Olivier Rousteing si è voltato verso il luccichio per una collezione monocromatica coerente, autentica e sollevata per commentare l’odio che fester nel mondo digitale

 

Iniziamo dalla finale. C’è una coreografia specifica fino alla fine di ogni spettacolo di Balmain. Il direttore creativo Olivier Rousteing cammina da solo sulla passerella. Tutta la squadra di modelli inonda il palcoscenico, volando verso di lui. È una scena piuttosto sorprendente: una che parla di leadership, senso di appartenenza, cameratismo, ideali condivisi. Questo è esattamente ciò che Rousteing ha costruito la sua incarnazione di Balmain: messaggistica inclusiva che incontra l’abbigliamento esclusivo.

C’è un enigma nella sua ribellione a cinque stelle, ovviamente, ma è di questo che si parla spesso di moda: bellissime contraddizioni. Ciò detto, la forma di ribellione di Rousteing è peculiare. Nell’affrontare temi sociali rilevanti, come l’odiosità del wold digitale – che è stato menzionato venerdì negli appunti dello spettacolo – continua a tornare ad un eldorado estetico personale: l’eccesso, la pompa e le circostanze degli anni ’80 e delle rotonde.

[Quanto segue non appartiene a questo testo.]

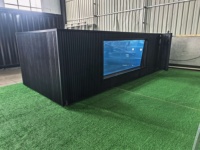 Piscine hors sol modulaire préfabriquée de luxe personnalisée pour jardin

Questa volta, tuttavia, lo sfarzo è stato attenuato molto. In effetti, la collezione era praticamente monocromatica; una sequenza totalmente inedita di primi anni ’90 in bianco e nero per sartoriali dalle forti spalle, giacche di tweed alla Coco Chanel e pantaloni, oltre a berretti e occhiali in metallo. Un po ‘Curiosità ha ucciso il gatto, se me lo chiedi, con il marchio Balmain. Era tutto molto coerente e certamente autentico. Nella sua stessa bolla, Rousteing è il re.